What is needed — Output each record exactly. Leave none out.

(Caption-style text data)
────────────────────

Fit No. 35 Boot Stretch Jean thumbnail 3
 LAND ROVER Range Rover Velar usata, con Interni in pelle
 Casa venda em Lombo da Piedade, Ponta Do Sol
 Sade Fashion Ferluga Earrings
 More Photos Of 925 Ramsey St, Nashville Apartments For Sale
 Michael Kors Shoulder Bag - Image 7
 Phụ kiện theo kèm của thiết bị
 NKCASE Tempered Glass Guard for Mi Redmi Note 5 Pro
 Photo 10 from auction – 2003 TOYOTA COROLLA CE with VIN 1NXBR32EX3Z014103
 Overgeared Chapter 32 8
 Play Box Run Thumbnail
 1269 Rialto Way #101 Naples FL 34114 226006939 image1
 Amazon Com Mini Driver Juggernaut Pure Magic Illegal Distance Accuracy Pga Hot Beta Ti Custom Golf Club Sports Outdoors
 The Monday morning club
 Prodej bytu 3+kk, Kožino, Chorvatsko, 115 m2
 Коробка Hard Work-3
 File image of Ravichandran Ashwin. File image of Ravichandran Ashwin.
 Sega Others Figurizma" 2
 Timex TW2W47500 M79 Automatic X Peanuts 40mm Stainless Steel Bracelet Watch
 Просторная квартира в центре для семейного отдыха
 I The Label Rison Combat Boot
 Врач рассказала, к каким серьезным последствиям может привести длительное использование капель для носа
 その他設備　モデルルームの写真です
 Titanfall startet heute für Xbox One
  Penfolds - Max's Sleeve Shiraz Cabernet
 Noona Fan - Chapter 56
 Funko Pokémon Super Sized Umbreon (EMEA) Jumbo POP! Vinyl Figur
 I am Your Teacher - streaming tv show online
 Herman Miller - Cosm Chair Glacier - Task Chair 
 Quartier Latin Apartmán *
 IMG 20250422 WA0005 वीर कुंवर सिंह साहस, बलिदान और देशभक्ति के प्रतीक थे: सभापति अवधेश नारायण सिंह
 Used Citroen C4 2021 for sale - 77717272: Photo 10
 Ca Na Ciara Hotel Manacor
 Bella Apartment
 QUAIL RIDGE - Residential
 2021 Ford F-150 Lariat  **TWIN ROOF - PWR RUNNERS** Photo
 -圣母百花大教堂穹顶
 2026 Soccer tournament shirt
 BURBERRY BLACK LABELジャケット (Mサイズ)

────────────────────

Problem solution —
Fit No. 35 Boot Stretch Jean thumbnail 3
 LAND ROVER Range Rover Velar usata, con Interni in pelle
 Casa venda em Lombo da Piedade, Ponta Do Sol
 Sade Fashion Ferluga Earrings
 More Photos Of 925 Ramsey St, Nashville Apartments For Sale
 Michael Kors Shoulder Bag - Image 7
 Phụ kiện theo kèm của thiết bị
 NKCASE Tempered Glass Guard for Mi Redmi Note 5 Pro
 Photo 10 from auction – 2003 TOYOTA COROLLA CE with VIN 1NXBR32EX3Z014103
 Overgeared Chapter 32 8
 Play Box Run Thumbnail
 1269 Rialto Way #101 Naples FL 34114 226006939 image1
 Amazon Com Mini Driver Juggernaut Pure Magic Illegal Distance Accuracy Pga Hot Beta Ti Custom Golf Club Sports Outdoors
 The Monday morning club
 Prodej bytu 3+kk, Kožino, Chorvatsko, 115 m2
 Коробка Hard Work-3
 File image of Ravichandran Ashwin. File image of Ravichandran Ashwin.
 Sega Others Figurizma" 2
 Timex TW2W47500 M79 Automatic X Peanuts 40mm Stainless Steel Bracelet Watch
 Просторная квартира в центре для семейного отдыха
 I The Label Rison Combat Boot
 Врач рассказала, к каким серьезным последствиям может привести длительное использование капель для носа
 その他設備　モデルルームの写真です
 Titanfall startet heute für Xbox One
  Penfolds - Max's Sleeve Shiraz Cabernet
 Noona Fan - Chapter 56
 Funko Pokémon Super Sized Umbreon (EMEA) Jumbo POP! Vinyl Figur
 I am Your Teacher - streaming tv show online
 Herman Miller - Cosm Chair Glacier - Task Chair 
 Quartier Latin Apartmán *
 IMG 20250422 WA0005 वीर कुंवर सिंह साहस, बलिदान और देशभक्ति के प्रतीक थे: सभापति अवधेश नारायण सिंह
 Used Citroen C4 2021 for sale - 77717272: Photo 10
 Ca Na Ciara Hotel Manacor
 Bella Apartment
 QUAIL RIDGE - Residential
 2021 Ford F-150 Lariat  **TWIN ROOF - PWR RUNNERS** Photo
 -圣母百花大教堂穹顶
 2026 Soccer tournament shirt
 BURBERRY BLACK LABELジャケット (Mサイズ)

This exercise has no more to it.